### MATERIAL SHOWN:
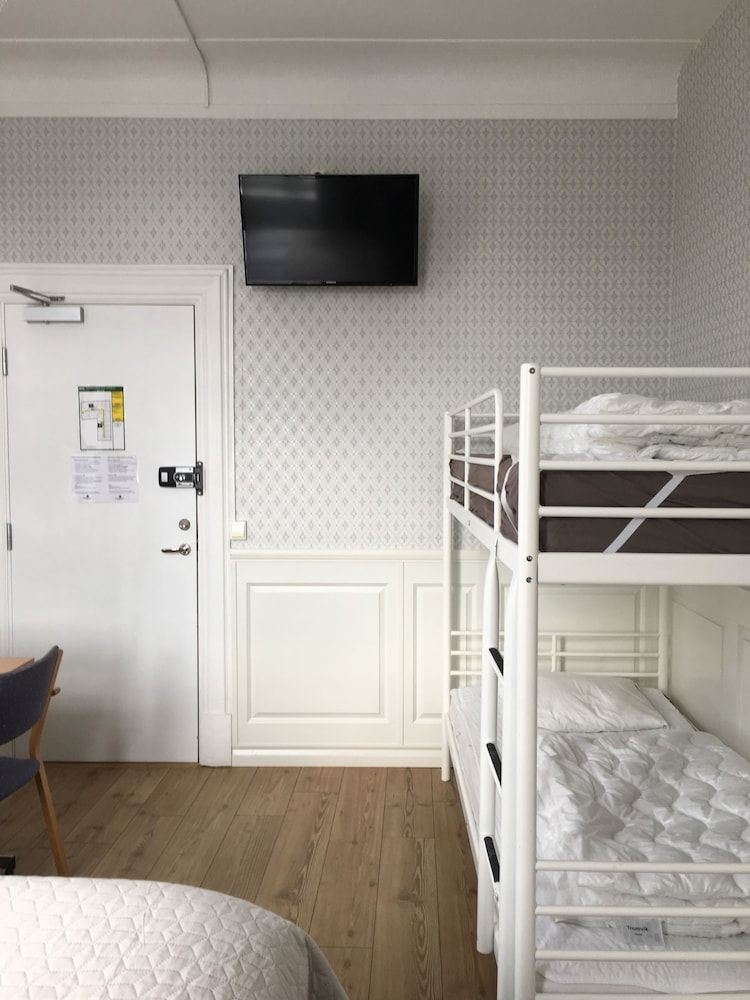 Halmstad Hotell & Vandrarhem Kaptenshamn Quadruple Room, Private Bathroom 2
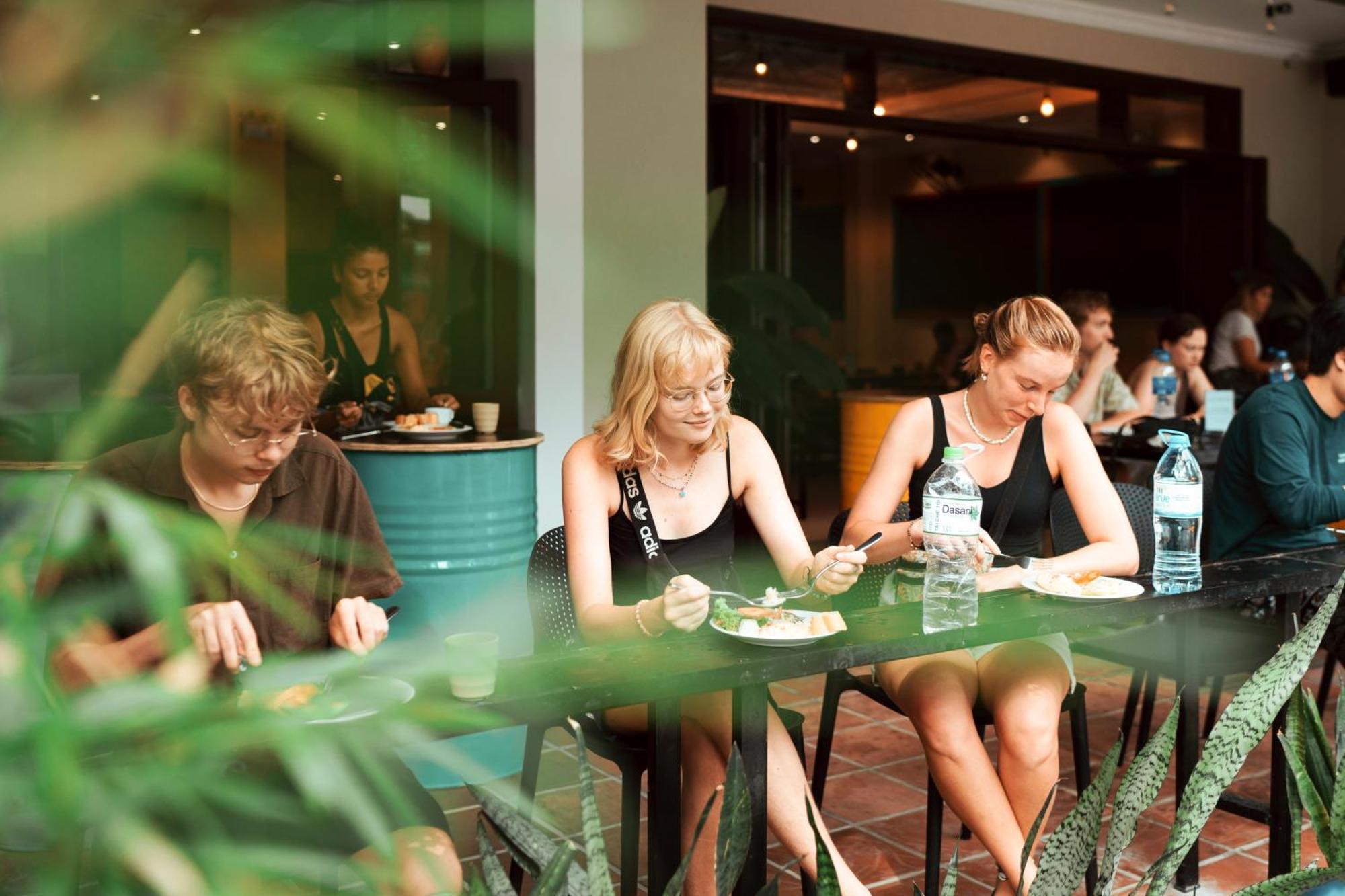 Harmony Old Town Hostel And Pool Bar Hoi An Esterno foto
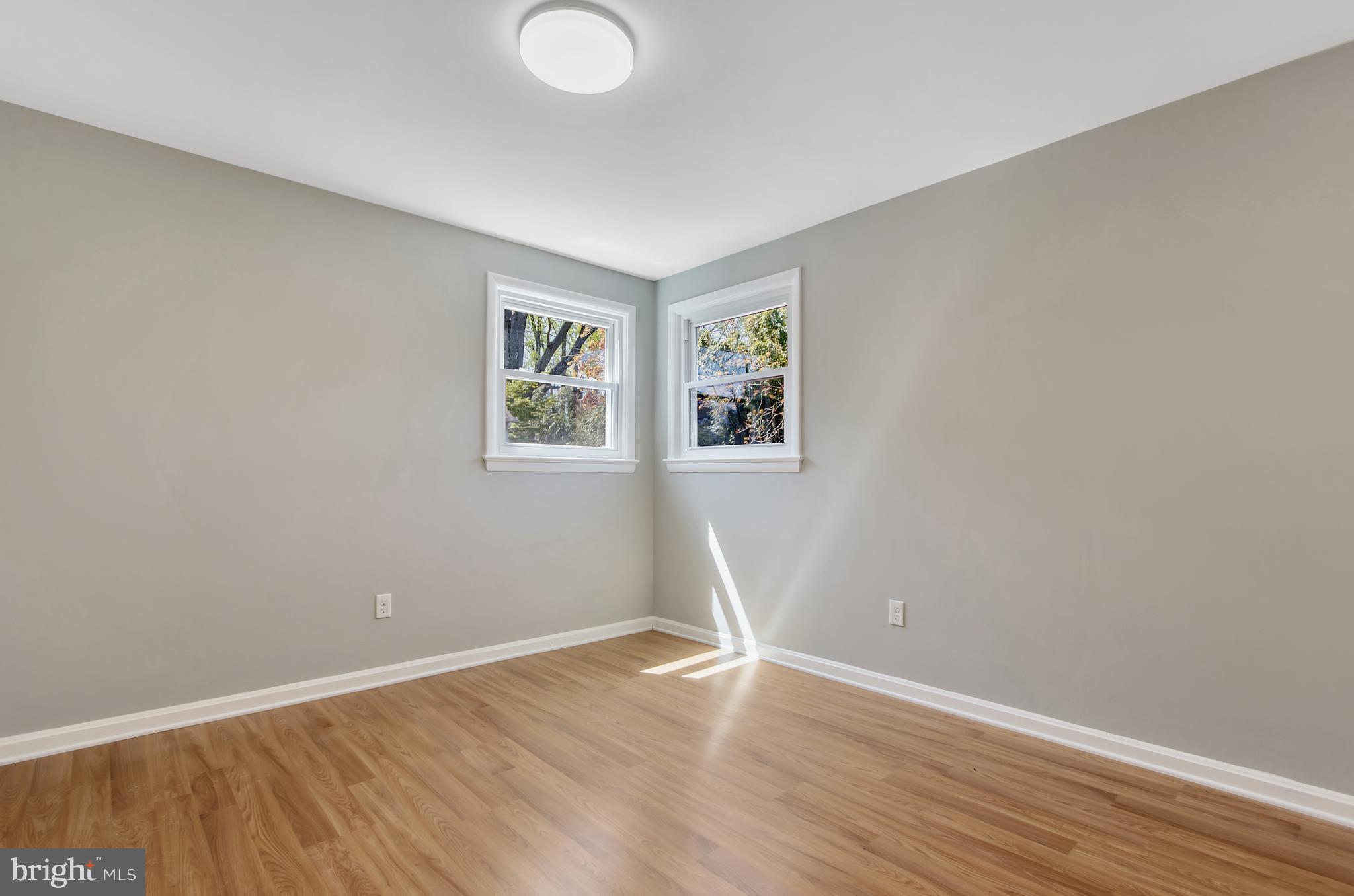 8614 Ewing Drive Bethesda, MD 20817 - Photo 16 of 24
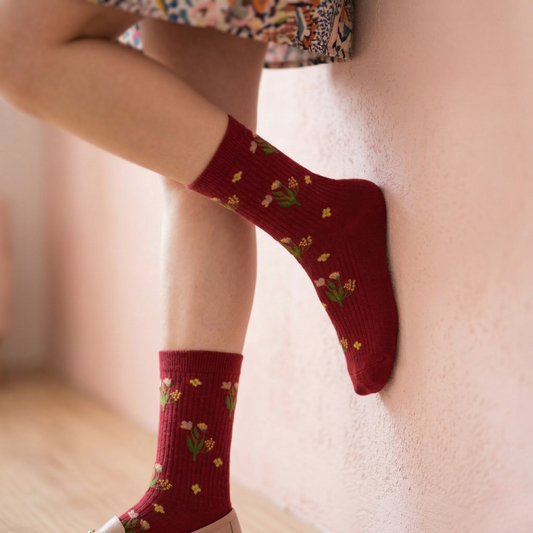 bordo zemin üzerinde çiçek desenli pamuk çorap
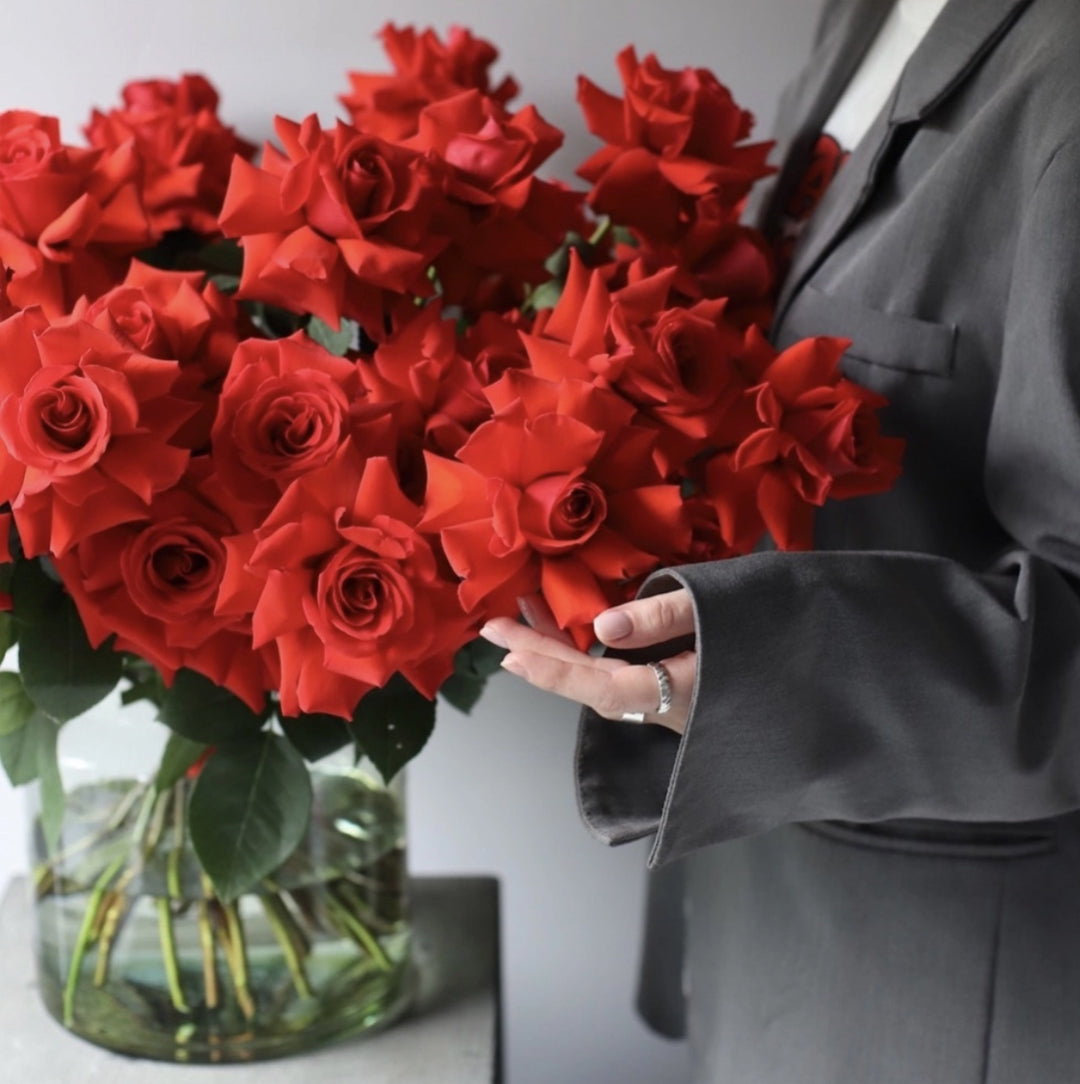 50 Scarlet Roses in a Vase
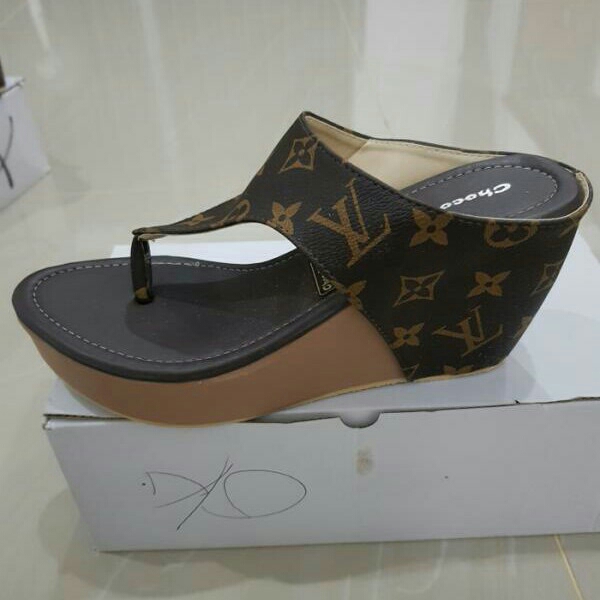 Wedges MR03 Coklat 2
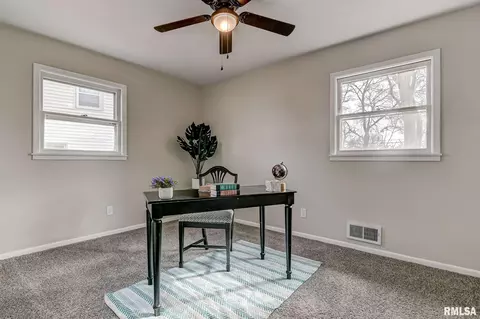 2030 Cambridge Rd, Springfield, IL 62704 photo 14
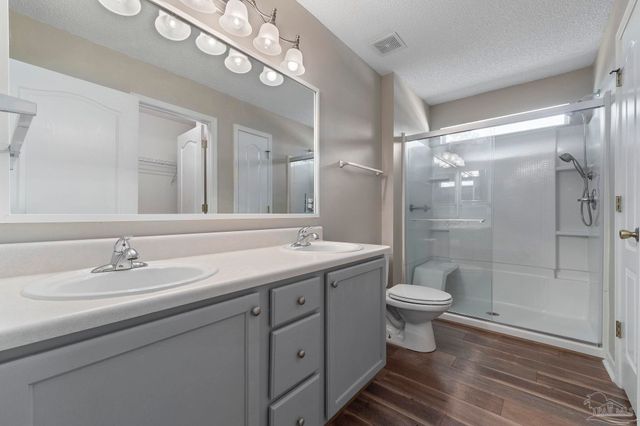 3688 Quail Run Rd, Gulf Breeze, FL 32563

### WORK TO BE COMPLETED:
Here the requirement is to restate exactly the line holding "8614 Ewing Drive" and every later line through the end of the material, omitting pictures.

### RESULT OF THIS EXERCISE:
 8614 Ewing Drive Bethesda, MD 20817 - Photo 16 of 24
 bordo zemin üzerinde çiçek desenli pamuk çorap
 50 Scarlet Roses in a Vase
 Wedges MR03 Coklat 2
 2030 Cambridge Rd, Springfield, IL 62704 photo 14
 3688 Quail Run Rd, Gulf Breeze, FL 32563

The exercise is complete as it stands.